A metaphor. America is the spoiled youngest child of the world- the one that grew up way too fast, who thinks that its okay to go out and push their ways on other countries nad live their lifestyles around the world because its what they want to do. America doesn't think of anyone but herself- doesnt think of consequences or expectations or other people.

America thinks its okay to go out every single night with no thoughts to the morning or next day or responsibility, drink her way through a bar full of alchohol, and yells on the streets. Until five in the morning. Every day. Then doesnt show up for class because shes too tired and hungover. She yells and pushes people and doesnt try to learn their language, just assumes that because shes America, it's okay to do all this.

Okay, rant over. Sorry. I just had a man from the hotel come up to me a few minutes ago, begging me to 'not go out into the streets and yell again tonight, because I havent slept in nights because of the drunken Americans'. The sad thing is that Salamanca is every single country's base for studies- there are as many French and German and Chinese and every other nationality people here. It's just our crappy manor that makes an impression, and it honestly sucks.

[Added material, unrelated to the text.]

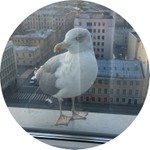 Марина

Rant really over now. Im still a registered and proud Republican, still planning on supporting Bush and our troops, still planning on waving a flag from my house at home. It just sucks sometimes.

* * *
...I got in...

Go ahead and laugh. Ive never been so fucking excited at the same time as being so fucking scared. 

Five months without any real contact with my family or the US. Next spring. 

...holy crap. 

I probably should tell my friends and my roommate that I'm leaving for good... and my team... 

Its weird, I just thought that this would never happen, so I never really talked about it. 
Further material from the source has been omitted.